Au menu, nous avions une pièce n°2 pour petit orchestre (1986) de Colon Nancarrow, où les musiciens du Philharmonique de Radio France démontrent qu'ils pourraient fort bien faire le même travail que ceux de l'inter-contemporain, avec la même précision et le même enthousiasme. Cette pièce me fait penser à Strawinsky (à Pulcinella par exemple) peut-être par le côté faussement néo-tonal. Comme toutes les pièces de Nancarrow que je connais, elle est d'une très grande densité polyphonique alliée à une certaine vélocité, ce qui réjouit l'oreille tout en la fatiguant quelque peu.

Vient ensuite le Concerto Sacra de Richard Dubugnon pour hautbois et orchestre. C'est vraiment la bonne surprise de la soirée. Basée sur des motifs de chant grégorien, ce concerto est intensément lyrique et mélodique sans jamais regarder du côté néo-tonal pour autant. L'orchestration très fine utilise toutes les ressources des instruments (et en particulier du hautbois) en évitant le côté "catalogue d'effets" qu'on trouve parfois chez des musiciens moins inspirés. Un seull exemple: les multiphoniques de hautois solo qui ouvrent le concerto, avec des résonnances de cloches tubulaires: cela sonne, tout simplement. Saluons au passage la belle performance d'Olivier Doise que les difficultés techniques redoutables ne semblent jamais empêcher de chanter librement.

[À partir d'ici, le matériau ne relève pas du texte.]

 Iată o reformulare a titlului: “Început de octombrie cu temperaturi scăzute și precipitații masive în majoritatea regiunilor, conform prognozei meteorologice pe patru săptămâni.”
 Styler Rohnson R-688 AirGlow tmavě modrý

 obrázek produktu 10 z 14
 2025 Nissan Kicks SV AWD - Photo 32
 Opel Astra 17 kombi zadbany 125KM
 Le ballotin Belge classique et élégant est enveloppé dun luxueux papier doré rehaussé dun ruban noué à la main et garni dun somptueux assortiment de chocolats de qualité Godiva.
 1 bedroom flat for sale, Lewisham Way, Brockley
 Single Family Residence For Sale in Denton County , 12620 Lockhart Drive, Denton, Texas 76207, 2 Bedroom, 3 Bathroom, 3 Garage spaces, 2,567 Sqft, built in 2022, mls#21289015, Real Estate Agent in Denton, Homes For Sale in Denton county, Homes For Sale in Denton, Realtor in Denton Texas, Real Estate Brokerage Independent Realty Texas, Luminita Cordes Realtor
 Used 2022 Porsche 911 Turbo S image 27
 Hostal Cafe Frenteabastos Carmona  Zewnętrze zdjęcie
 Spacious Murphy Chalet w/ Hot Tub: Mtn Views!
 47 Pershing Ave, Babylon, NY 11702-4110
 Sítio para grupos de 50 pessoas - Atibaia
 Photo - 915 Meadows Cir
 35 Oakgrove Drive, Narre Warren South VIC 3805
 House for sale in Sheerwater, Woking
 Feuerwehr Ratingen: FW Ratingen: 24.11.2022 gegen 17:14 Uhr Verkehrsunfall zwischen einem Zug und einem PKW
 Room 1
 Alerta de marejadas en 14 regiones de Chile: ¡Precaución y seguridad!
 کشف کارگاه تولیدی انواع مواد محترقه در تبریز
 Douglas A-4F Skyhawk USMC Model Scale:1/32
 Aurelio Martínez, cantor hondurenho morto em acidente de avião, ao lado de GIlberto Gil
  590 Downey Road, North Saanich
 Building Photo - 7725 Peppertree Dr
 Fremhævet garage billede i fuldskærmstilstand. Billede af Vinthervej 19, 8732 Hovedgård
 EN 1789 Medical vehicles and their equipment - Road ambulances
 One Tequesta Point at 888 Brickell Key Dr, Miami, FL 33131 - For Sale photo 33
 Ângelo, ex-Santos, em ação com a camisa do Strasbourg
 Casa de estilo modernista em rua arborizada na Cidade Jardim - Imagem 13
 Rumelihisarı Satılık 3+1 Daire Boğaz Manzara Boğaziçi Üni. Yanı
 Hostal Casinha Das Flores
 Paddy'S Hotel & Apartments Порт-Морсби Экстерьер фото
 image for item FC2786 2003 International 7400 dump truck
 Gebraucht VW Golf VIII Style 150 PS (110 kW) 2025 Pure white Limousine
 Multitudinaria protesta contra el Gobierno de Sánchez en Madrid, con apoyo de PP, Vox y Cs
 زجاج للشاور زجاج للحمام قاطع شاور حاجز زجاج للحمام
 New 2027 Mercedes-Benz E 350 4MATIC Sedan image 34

Le concerto suivant, pour violoncelle, par l'argentin Esteban Benzecry, me convainc beaucoup moins. Bien que Gautier Capuçon l'interprète avec beaucoup de fougue, je m'y ennuie d'un bout à l'autre. Je n'y entends que des formules toutes faites et pas très inspirées, de longs passages doublés à la sixte par exemple dans la partie soliste, des progressions assez prévisibles qui ne créent pas franchement d'émotion. Je n'en dirai pas plus car je préfère parler de ce que j'aime: disons simplement que je n'ai pas trop accroché.

L'Espacio Ritual de Darwino Aquino qui suit m'emballe beaucoup plus, on y trouve une énergie sauvage qui n'est pas sans évoquer le Sacre du Printemps.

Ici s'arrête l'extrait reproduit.